_TASK STATEMENT_:
Leaving out every picture, copy the lines of the material below exactly, from the line containing "Hausansicht - Gepflegtes" through the line containing "Demi Lovato Llego".

_INFORMATION_:
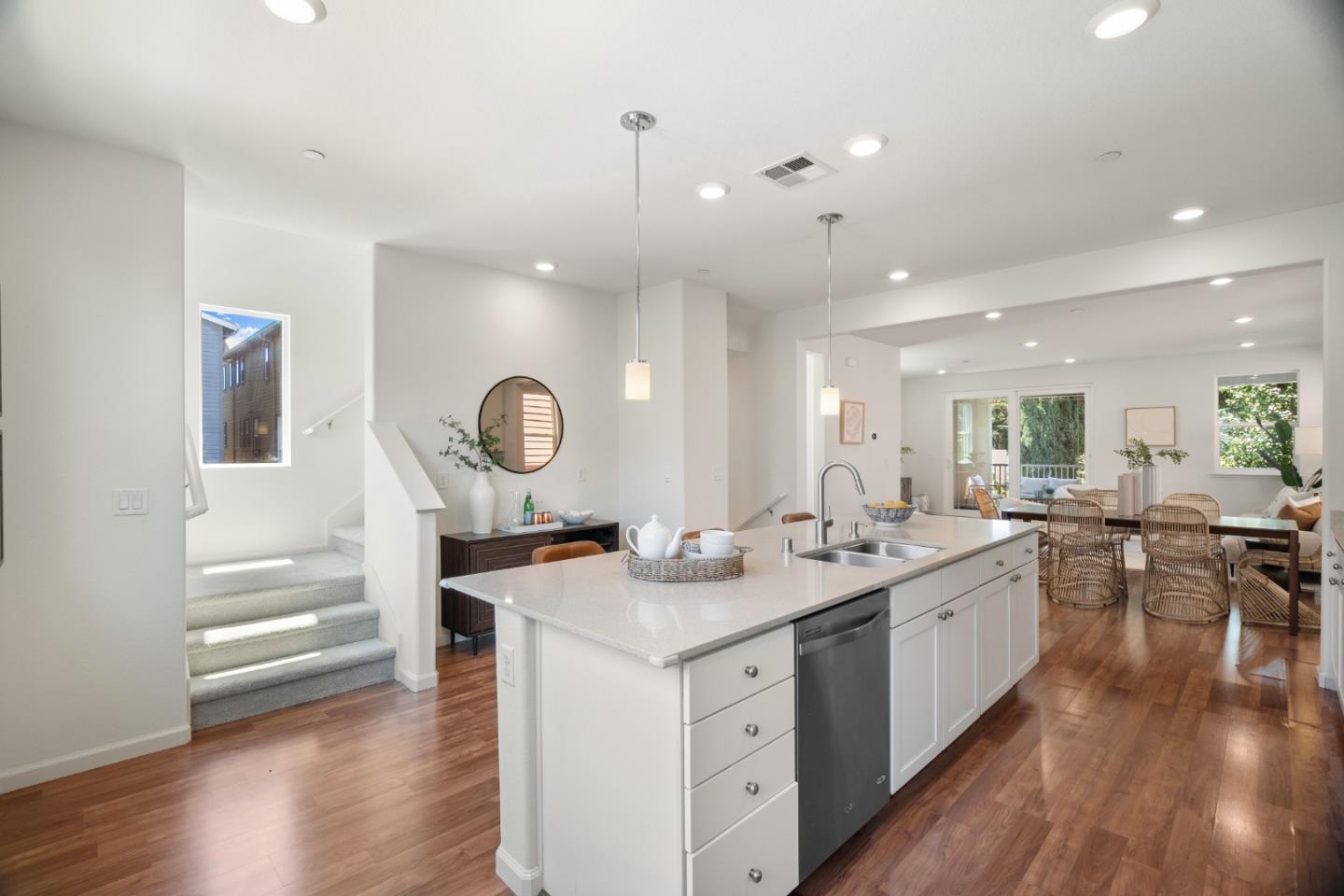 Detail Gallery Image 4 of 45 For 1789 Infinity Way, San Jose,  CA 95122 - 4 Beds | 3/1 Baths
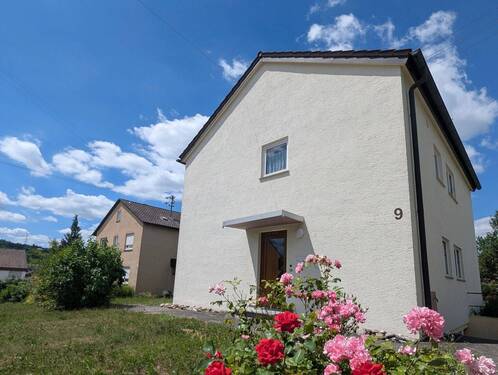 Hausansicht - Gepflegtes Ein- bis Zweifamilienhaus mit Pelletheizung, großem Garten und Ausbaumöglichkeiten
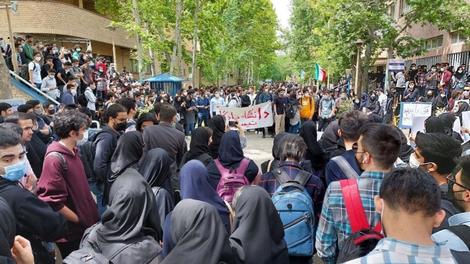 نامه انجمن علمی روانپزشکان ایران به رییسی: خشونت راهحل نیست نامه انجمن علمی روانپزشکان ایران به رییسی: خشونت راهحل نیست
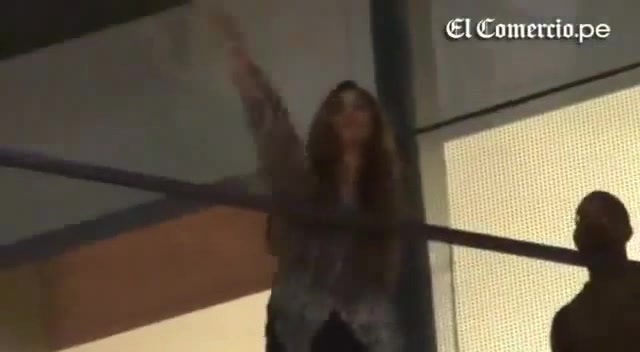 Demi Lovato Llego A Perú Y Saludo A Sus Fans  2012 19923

* * *

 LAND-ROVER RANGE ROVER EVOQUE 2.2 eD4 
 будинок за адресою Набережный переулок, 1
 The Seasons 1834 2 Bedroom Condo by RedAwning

_SOLUTION FOR THIS EXERCISE_:
 Hausansicht - Gepflegtes Ein- bis Zweifamilienhaus mit Pelletheizung, großem Garten und Ausbaumöglichkeiten
 نامه انجمن علمی روانپزشکان ایران به رییسی: خشونت راهحل نیست نامه انجمن علمی روانپزشکان ایران به رییسی: خشونت راهحل نیست
 Demi Lovato Llego A Perú Y Saludo A Sus Fans  2012 19923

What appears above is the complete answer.